I don’t believe he is partial to either pecan or pumpkin pie. I think Quadequina would have liked to see us celebrate equal rights and justice each November. The story of Thanksgiving is mostly mythical, since very little was recorded at the time. Turkeys may not be the best logo for American seasonal gratitude. Popcorn deserves a place at the table.
Since last November I have visited my ancestral homeland at Plimouth Colony in Massachusetts. The museum and displays helped me to more vividly picture what those Pilgrims were doing in the 1600s. I have many ancestors who arrived on the Mayflower, and I am not overly impressed with that fact. I am, however, truly grateful to learn that I am Wampanoag. I study history by learning about my family tree. Thanksgiving, as taught in elementary school, has very little to do with the real events that took place at the time. There was a feast and celebration, and there was a great deal of unease about these English people who built a fort around their town and put cannons on the second story of their church. These Pilgrims, who are depicted to children as seeking religious freedom, only believed in religious freedom for themselves. They had been repressed in Holland for their beliefs and wanted a place where their somewhat radical thinking would not clash with any royal Euros. They did not propose to extend religious freedom and tolerance to the native people they encountered in America. They proposed to convert them to Christianity, their own style of Christianity.
Harvard was endowed and sustained in business by conversion of native people. The Indian College was used to educate and convert natives. If they had not come up with donations based on this premise, Harvard may never have become the institution it is today. My tenth great grandfather Thomas Dudley signed the charter for Harvard because he was the colonial governor when it opened. His daughter and my 9th great grandmother, Anne Bradstreet, was a poet and wife of Simon Bradstreet, also a colonial governor.

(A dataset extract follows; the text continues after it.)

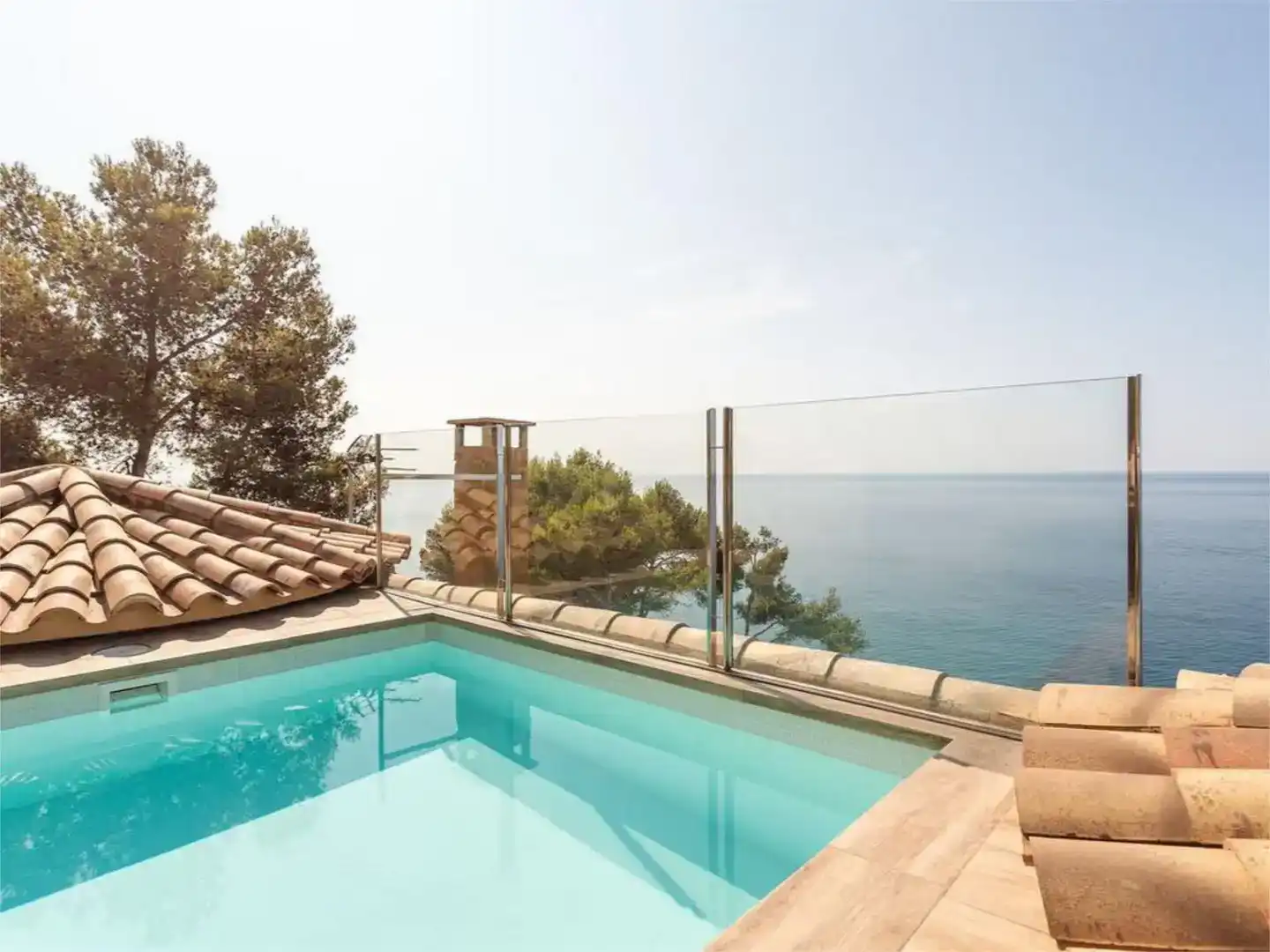 Piscina de Finca rústica de alquiler en Lloret de Mar con Aire acondicionado, Jardín privado y Piscina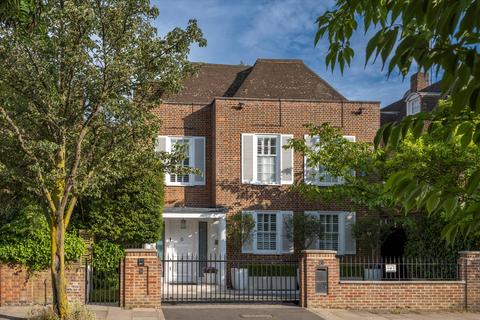 undefined, Clifton Hill, London, NW8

I am not as proud of them as I am of Quadequina. I have taken sides in the Thanksgiving story. I think the Pilgrims were rude to say the least. We build it up as a story about peace and religion, but it was a story of imperialism. When I learned that all the historic wampum belts have gone to England to be kept in museums I became angry. A very cool Wampanoag elder who worked at Plimouth gave me some very wise advise about that. She told me there was no point in being angry about the past. She is obviously correct, but my feelings have changed about history, Massachusetts Colony and all that it meant, and the fable of Thanksgiving. There is more bitterness that the peach pie reveals. It makes me wonder exactly how my tribe feels when they celebrate this holiday. It looks like the tribe may open a casino on Martha’s Vineyard. It is fair to give them access to the wealth and the weakness of the white people on that island. There is plenty for everyone. Turn about is fair play, even if it comes hundreds of years later.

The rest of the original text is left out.